The ITU is a slow unwieldy bureaucracy, each member is a UN Member State, ie
an entire country - which means nothing will get done, which is fine and I
argue largely desirable.

------
dharma1
[https://domainnamewire.com/2019/11/13/breaking-private-
equit...](https://domainnamewire.com/2019/11/13/breaking-private-equity-
company-acquires-org-registry/)

"Ethos Capital is a new private equity firm lead by Erik Brooks. Brooks was at
Abry Partners until earlier this year. Abry Partners acquired Donuts and
installed former ICANN President of Global Domains Akram Atallah in the top
spot there.

Donuts co-founder Jon Nevett left to be CEO of Public Interest Registry.

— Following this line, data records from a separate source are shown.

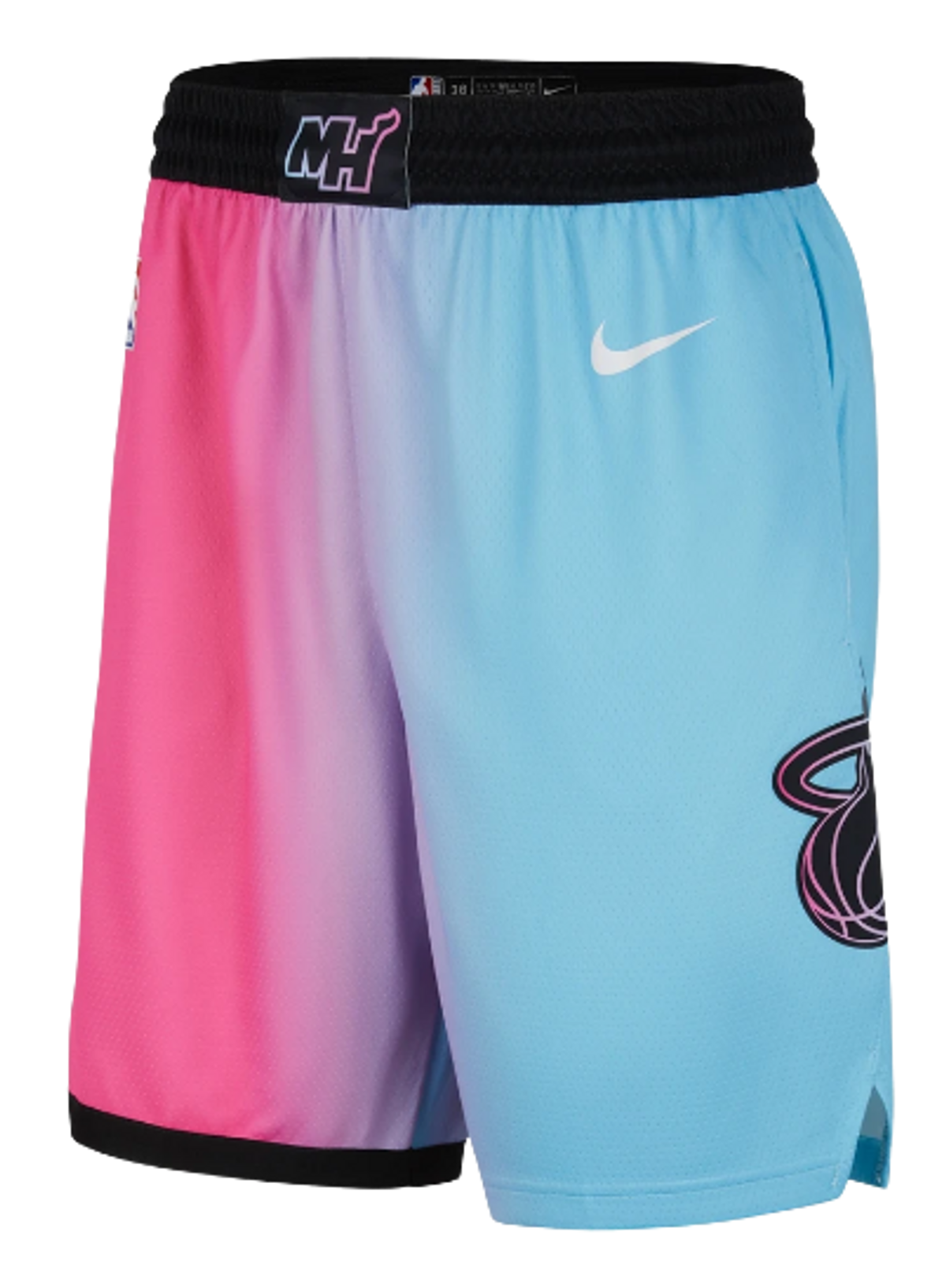 Nike × Miami Heat Viceverse Swingman Shorts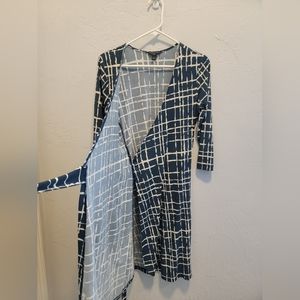 Banana Republic wrap dress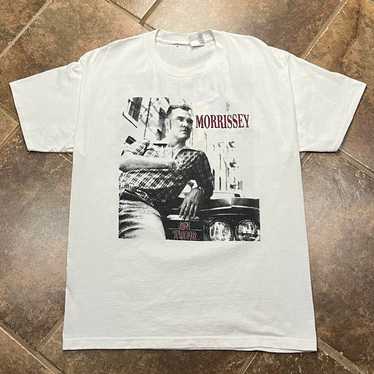 MORRISSEY Tシャツ モリッシー Tee ツアーT ブラック | BF MERCH'S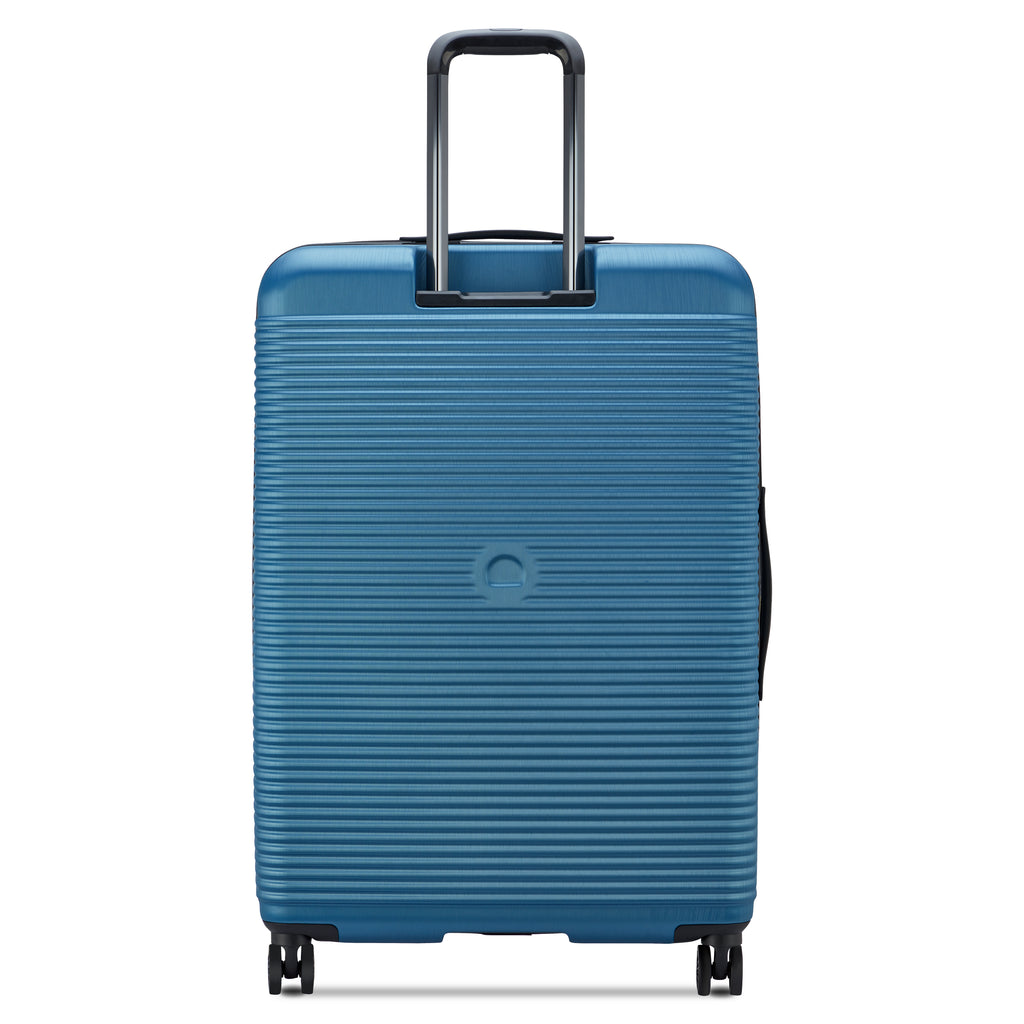 Delsey Freestyle Hardside Front Open Exp Large Spinner Suitcase - 76cm - Blue-5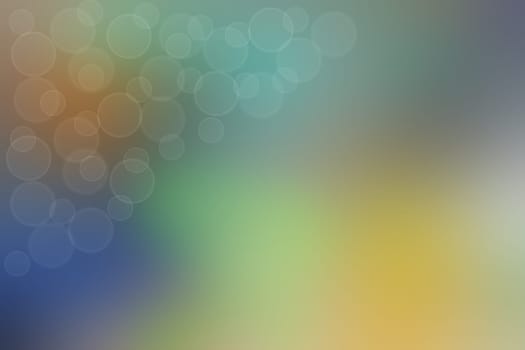 Blur bright abstract Bokeh, colorful gradient defocused and pastel colored. Beautiful texture.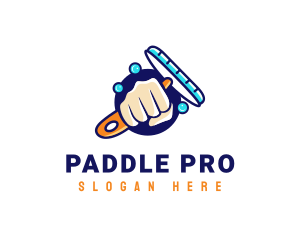 Hand Wiper Cleaner logo design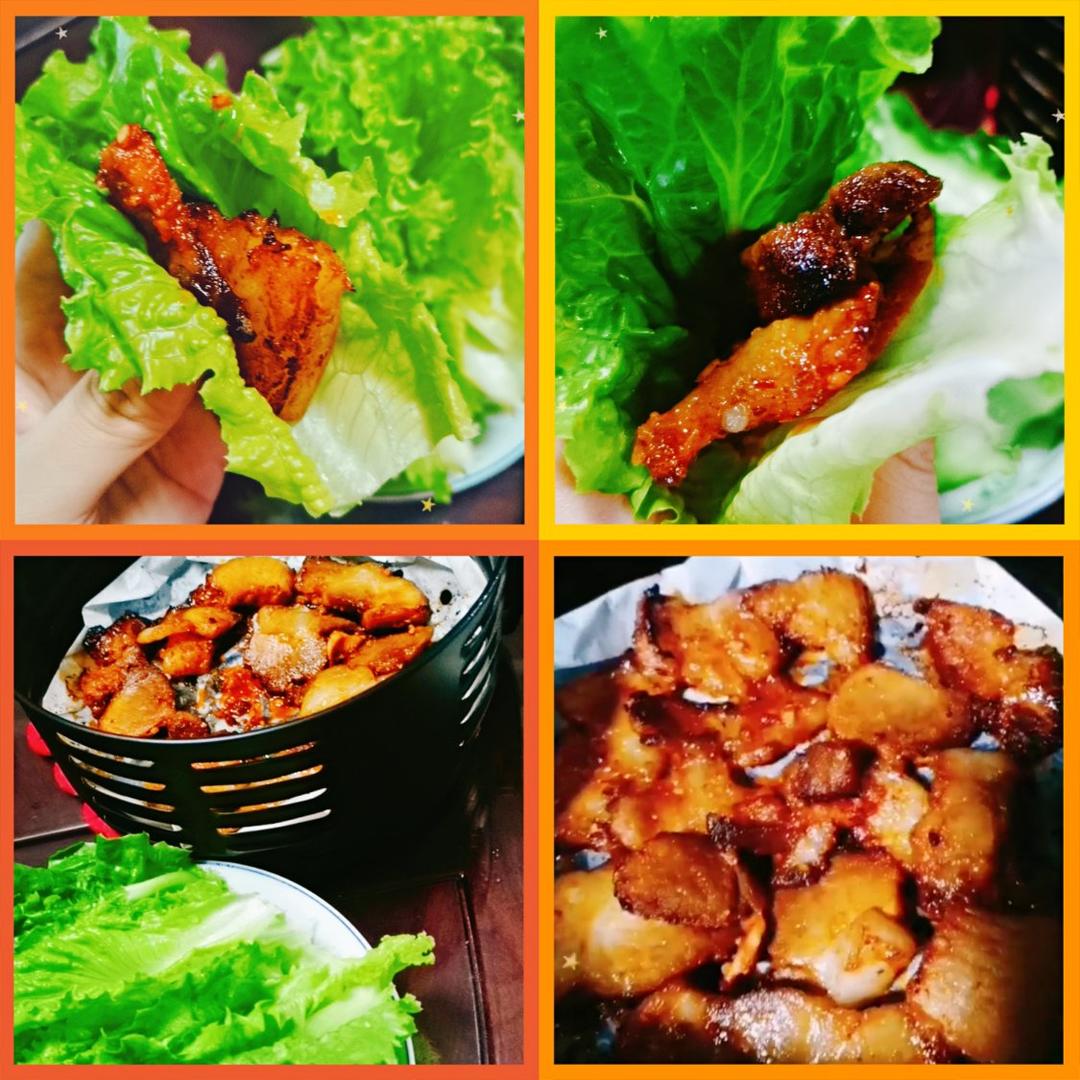 韩式烤五花肉（超简单空气炸锅版）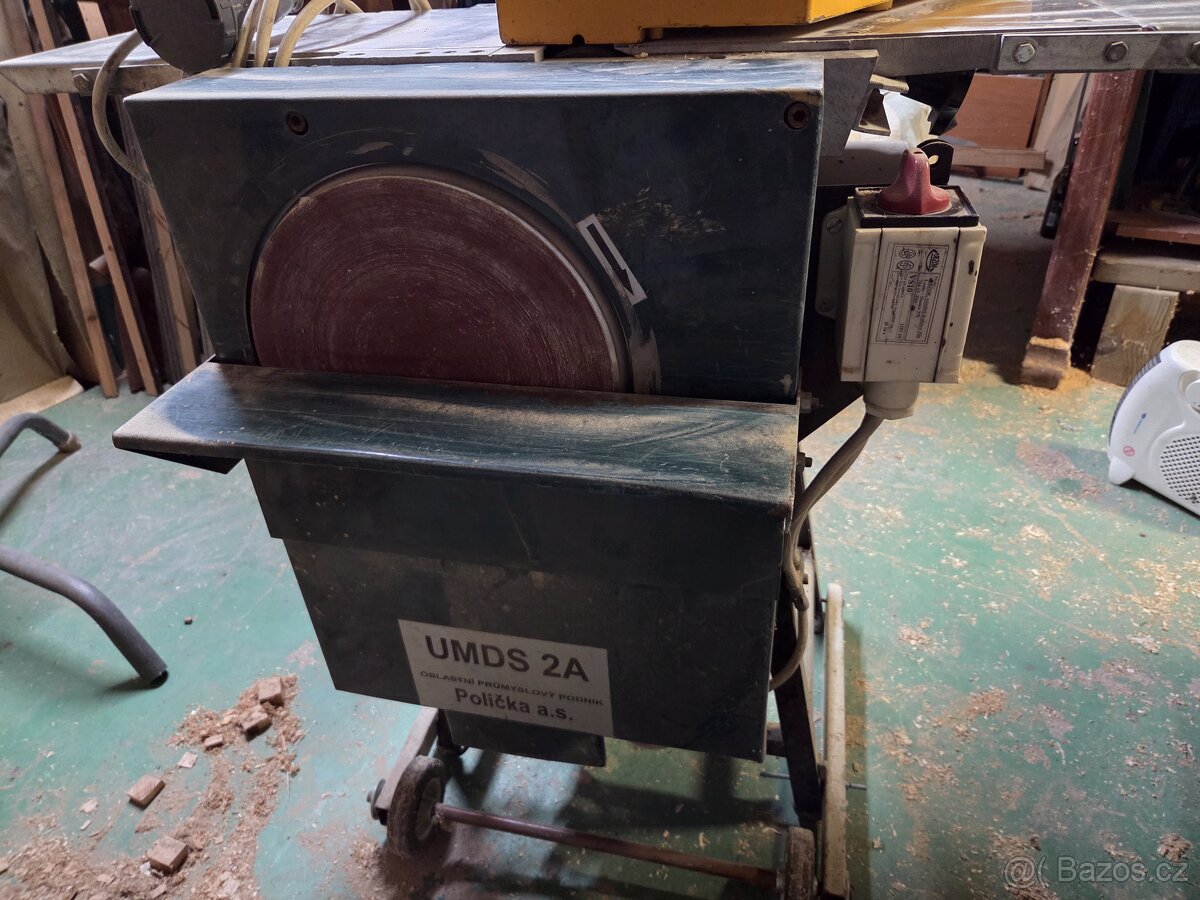 Univerzální dřevoobráběcí stroj UMDS2A - 4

The other person at Ethos is former ICANN Senior Vice President Abusitta-Ouri.

Ethos appears to have just been founded. It acquired the domain name
EthosCapital.com at the end of October through Afternic.

[Update: The firm might be tied to former ICANN CEO Fadi Chehadé as well.]"

------
karl11
Sounds like there should probably be multiple ICAAN organizations. They have
been a relatively benevolent monopoly but that is unlikely to continue
forever.

------
hellofunk
Are there other top level domains that are at risk of this? What are the most
stable ones?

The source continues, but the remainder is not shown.